Muchas crecieron en la orfandad desde los 4 años, y en este centro han vivido desde hace diez años bajo el cobijo de esta fundación que ayuda a los niños y niñas más desprotegidos.
El detalle está en que ellas han hecho la fiesta. En los talleres de costura del centro donde estudian primaria y secundaria han diseñado y confeccionado los vestidos. Entre ellas y sus profesoras de las clases de belleza se han puesto guapas para este gran día.
RUTA ROSA
Primero la Iglesia y luego la pachanga. Estrenando vestido y sandalias, las jovencitas se dirigieron a la misa, en la capilla de la fundación. Viajaron en buses, especialmente adornados con festones y chimbombas.

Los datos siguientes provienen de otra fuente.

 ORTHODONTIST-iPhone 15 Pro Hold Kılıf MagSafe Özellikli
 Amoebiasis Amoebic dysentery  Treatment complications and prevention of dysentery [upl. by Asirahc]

Junto con los invitados, se reunieron en el gran comedor del centro para vivir otro momento especial: el primer baile que dio por iniciada la fiesta y una nueva etapa en sus vidas.
La comilona, los refrescos y la fiesta fue la siguiente estación para estas señoritas con corazones de niña. Para ellas, esta fiesta borra los momentos duros de orfandad y abandono material y emocional. Con este proyecto han tenido una nueva oportunidad de hacer su vida provechosa y útil.
CASA SANTIAGO
En la Isla de Ometepe construyeron un complejo donde se encuentran los dormitorios y las aulas, ahí los niños y niñas crecen, se educan y preparan para la vida. En la Casa Santiago éstos tienen un “padrino” que aporta 20 dólares mensualmente para su manutención.
Hay una escuela primaria y secundaria, talleres de electricidad, carpintería, sastrería, computación, mecánica y soldadura. En el hogar también hay una panadería, donde se hicieron los pasteles para la fiesta de quinceaños.
La Fundación Nuestros Pequeños Hermanos se creó hace 50 años en Cuernavaca, Morelos (México). Luego del éxito de sus proyectos en ese país, se trasladaron a Nicaragua hace diez años para encontrar en Rivas y Ometepe las condiciones adecuadas.
Actualmente hay 308 niños en los diferentes centros, cursan primaria y secundaria y terminan con especialidades técnicas de electricidad, carpintería, soldadura, agricultura, belleza, panadería y computación.